Archaeologists exploring the world's biggest flooded cave in Mexico have discovered ancient human remains at least 9,000 years old and the bones of animals that roamed the earth during the last Ice Age.
A group of divers recently connected two underwater caverns in eastern Mexico to reveal what is believed to be the biggest flooded cave on the planet, a discovery that could help shed new light on the ancient Maya civilization.

Bones in Sac Actun

Apart from human remains, divers also found bones of giant sloths, ancient elephants and extinct bears from the Pleistocene period, Mexico's Culture Ministry said in a statement. (Gran Acuefero Maya)

The Yucatan peninsula is studded with monumental relics of the Maya people, whose cities drew upon an extensive network of sinkholes linked to subterranean waters known as cenotes.

Researchers say they found 248 cenotes at the 347-km (216-mile) cave system known as Sac Actun, near the beach resort of Tulum. Of the 200 archaeological sites they have discovered there, around 140 are Mayan.

Some cenotes acquired particular religious significance to the Maya, whose descendants continue to inhabit the region.

Apart from human remains, they also found bones of giant sloths, ancient elephants and extinct bears from the Pleistocene period, Mexico's Culture Ministry said in a statement.

Archeological ortifacts

Of the 200 archaeological sites discovered in the cave system, around 140 are Mayan. (Mexican Culture Ministry)

The cave's discovery has rocked the archeological world.

"I think it's overwhelming.
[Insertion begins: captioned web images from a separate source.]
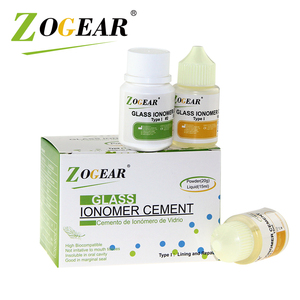 TM020 ZOGEAR vetro dentale Ionomer Cemento, 60g polvere + 45g liquido, Cemento dentale - Product Image 6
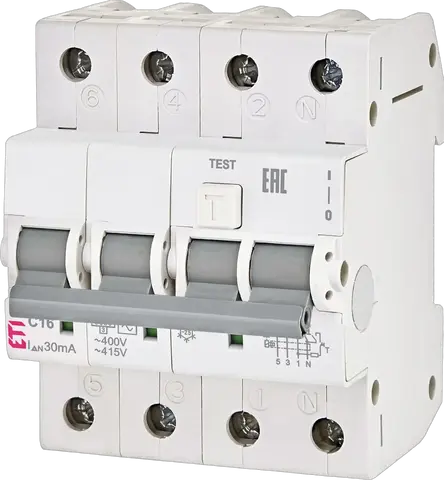KZS-4M 3p+N A B6/0.03 120V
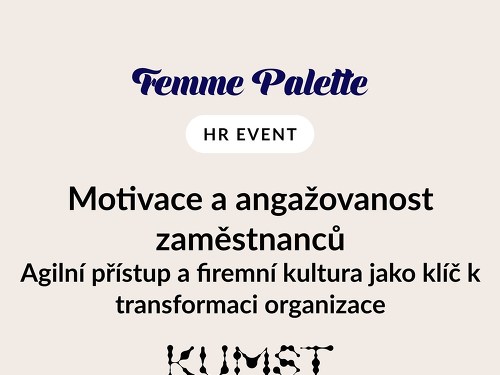 Plakát události Motivace a angažovanost zaměstnanců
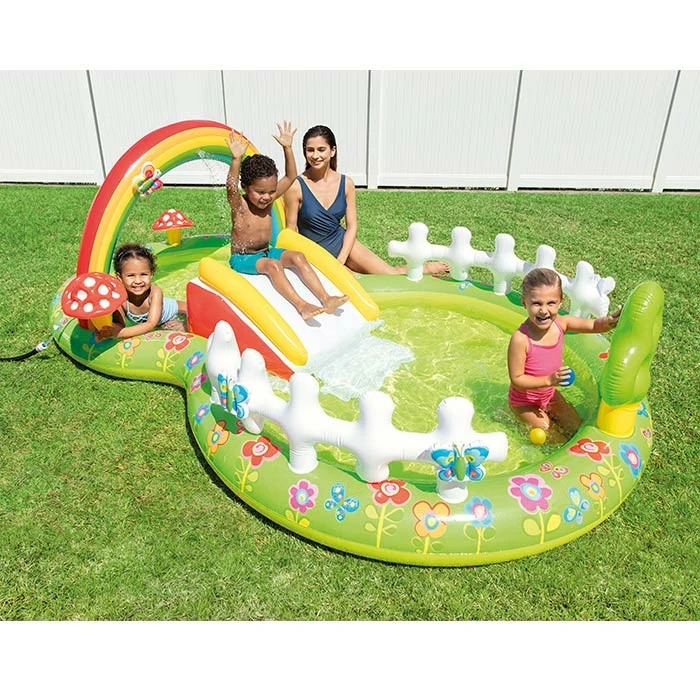 Aire De Jeux Gonflable Intex Mon Jardin – Image 2
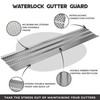 Waterlock 6" Gutter Guards Leaf Protection, Domestic Aluminum Gutter Covers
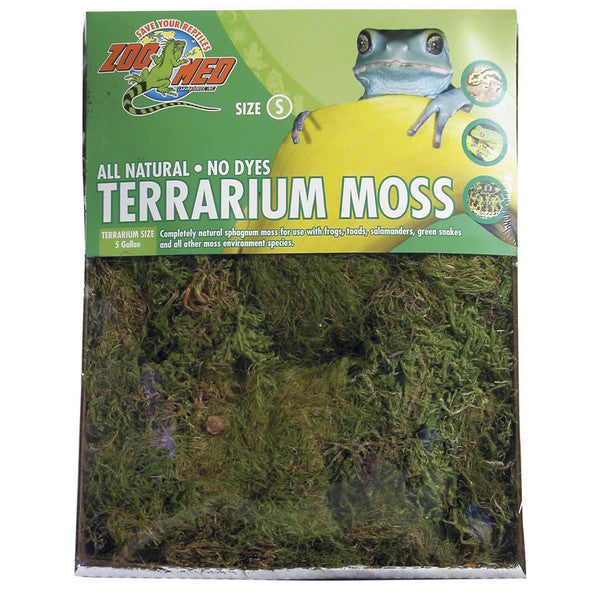 Zoo Med Terrarium Moss, Small, 1.64 Litres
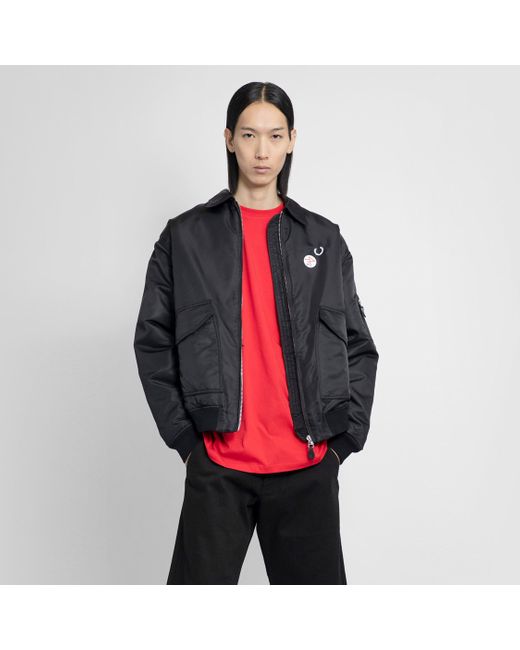 Fred perry red on sale jacket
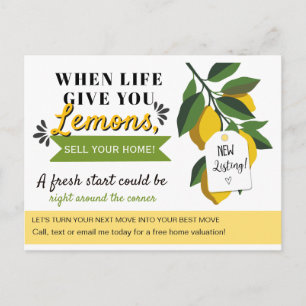 Carte Postale Faire-part Quand la vie vous donne des citrons vendez votre m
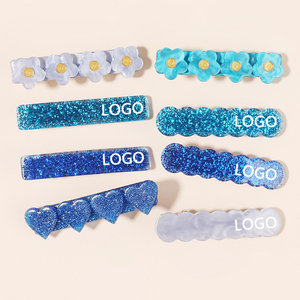 MiDairy โลโก้ที่กําหนดเอง 3000+ สีอะคริลิคอะซิเตทเปลือกหอยรูปคลื่นบาร์ผมจับคลิปด้านข้างสําหรับเด็กผู้หญิง - Product Image 4
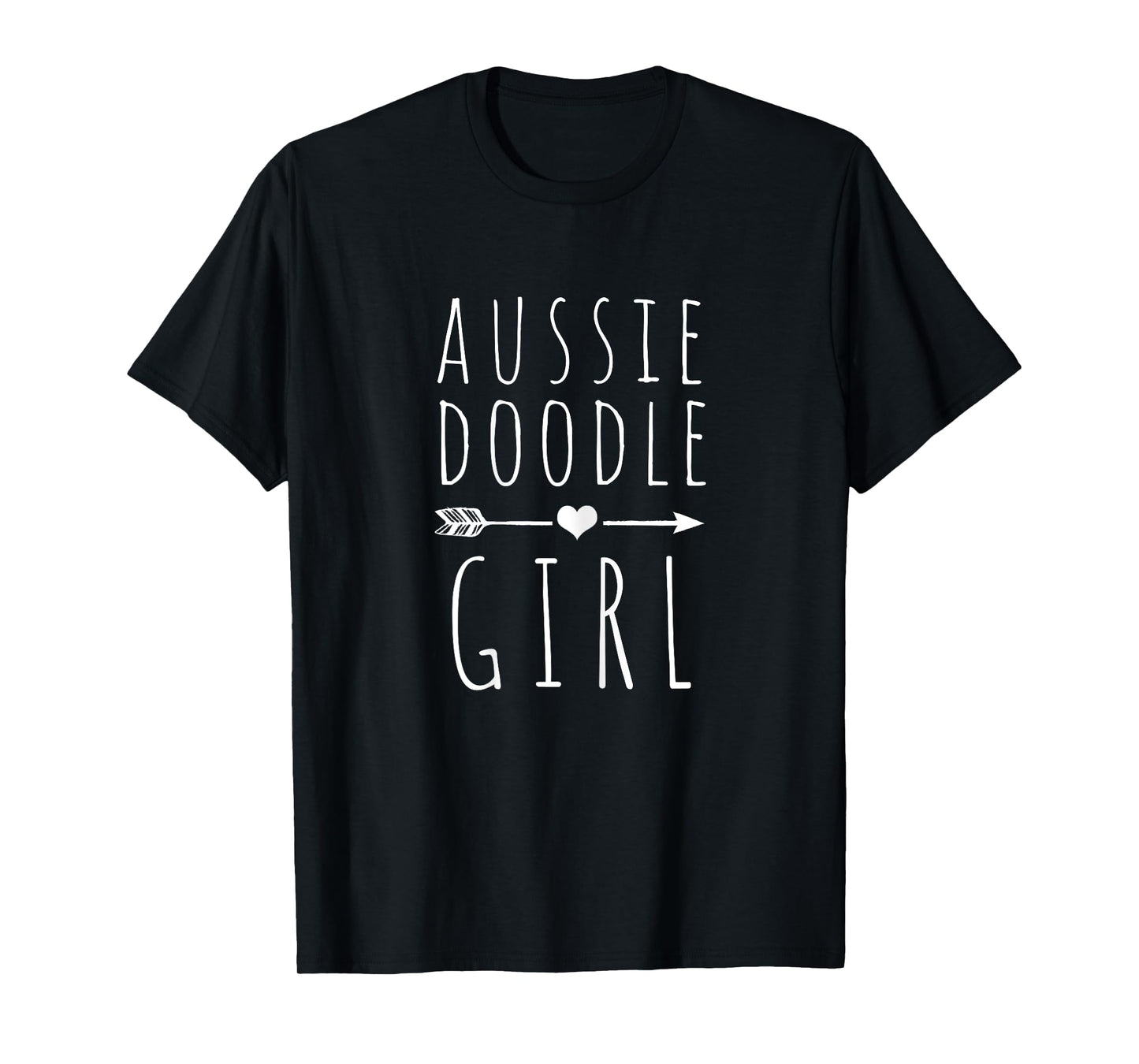 Aussie Doodle Girl T-Shirt I Love Aussie Doodles T-Shirt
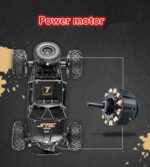 HD6241 1:16 Mountain-climbing Four-wheel Children Remote-controlled Off-road Vehicle Toy(Black) - Image 6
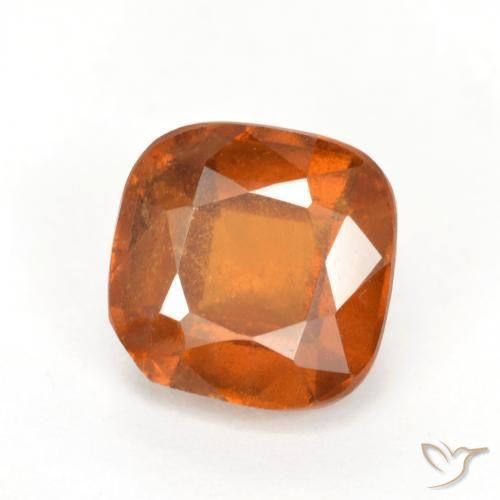 granada hessonita Laranja Profundo Natural 2.07ct, Almofada, VS-SI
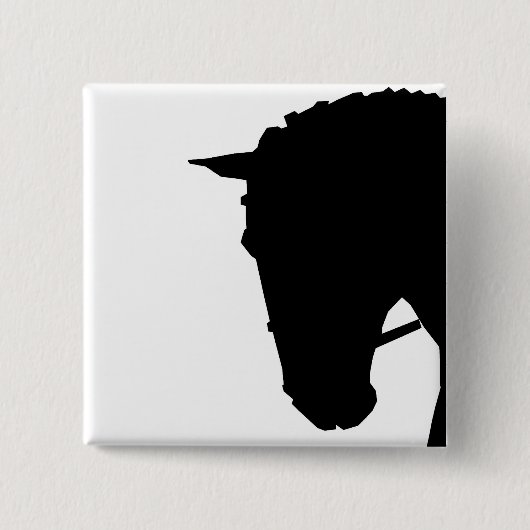 Lusitano Vierkante Button 5,1 Cm (Voorkant)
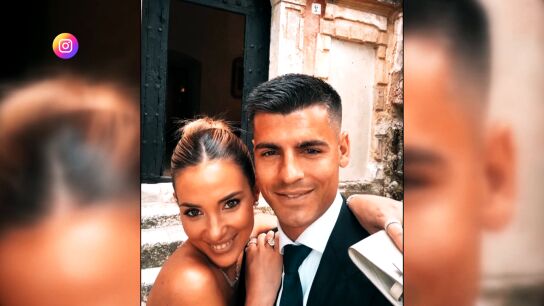Alice Campello y &Aacute;lvaro Morata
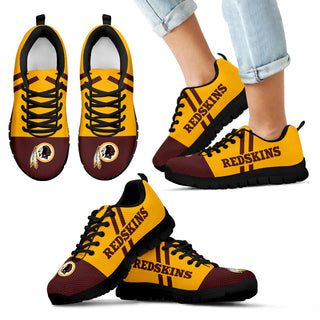 Line Stripe Logo Bottom Washington Redskins Sneakers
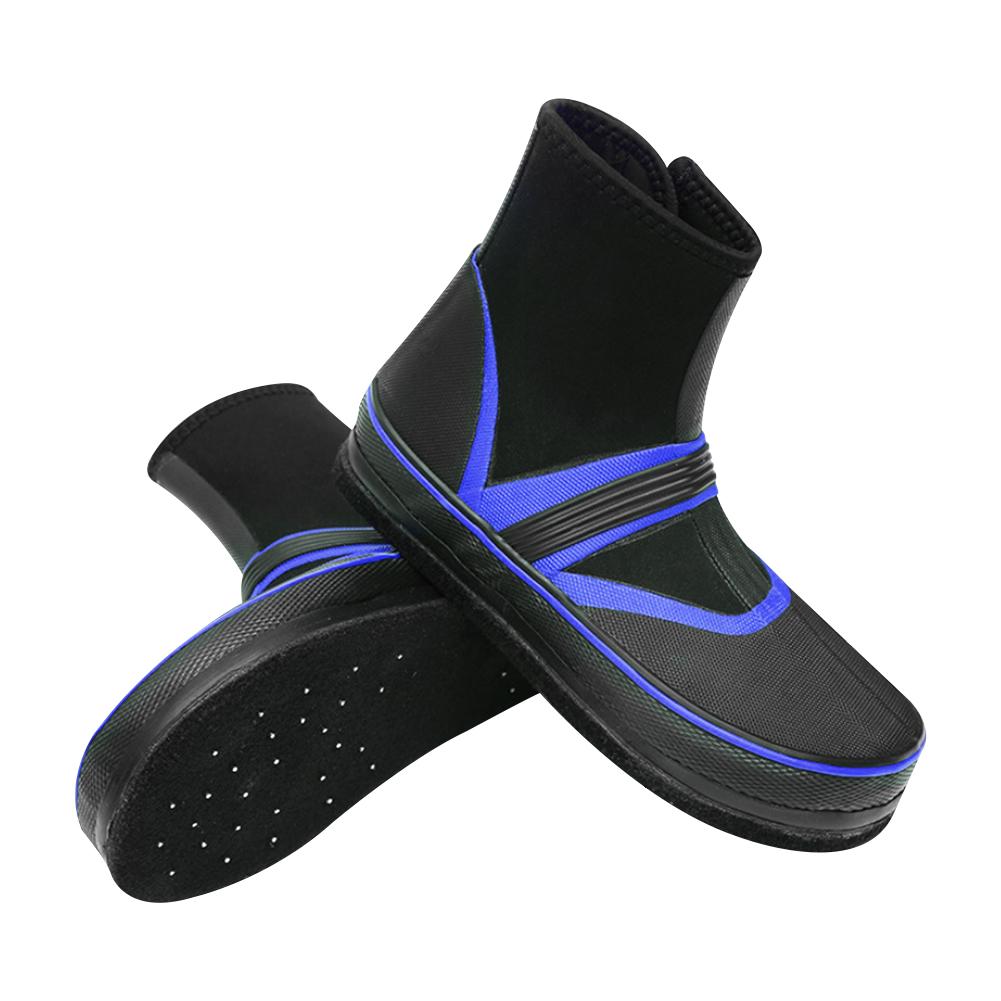 Zapatos de pesca agua de mar, zapatos de clavos, Botas de lluvia, antideslizantes, Fondo de fieltro, zapatos de pesca, equipo para hombres y mujeres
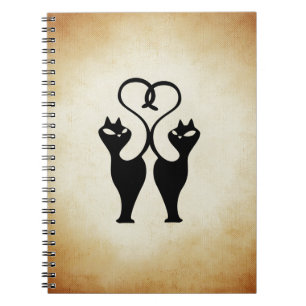 Two Cat Silhouette Notebook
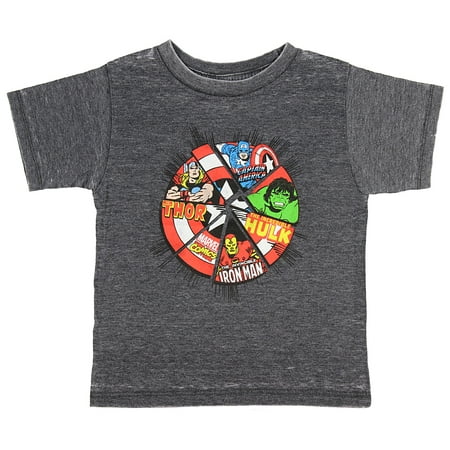 Marvel Comics The Avengers Superhero Power Shield Toddler Boys T-Shirt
Without a doubt it's the most important underwater archaeological site in the world," said Guillermo de Anda, researcher at Mexico's National Anthropology and History Institute (INAH).

Ideal conditions for preservation

De Anda is also director of the Gran Acuifero Maya (GAM), a project dedicated to the study and preservation of the subterranean waters of the Yucatan peninsula.

According to the INAH, water levels rose 100 meters at the end of the Ice Age, flooding the cave system and leading to "ideal conditions for the preservation of the remains of extinct megafauna from the Pleistocene." 

The Pleistocene geological epoch, the most recent Ice Age, began 2.6 million years ago and ended around 11,700 years ago.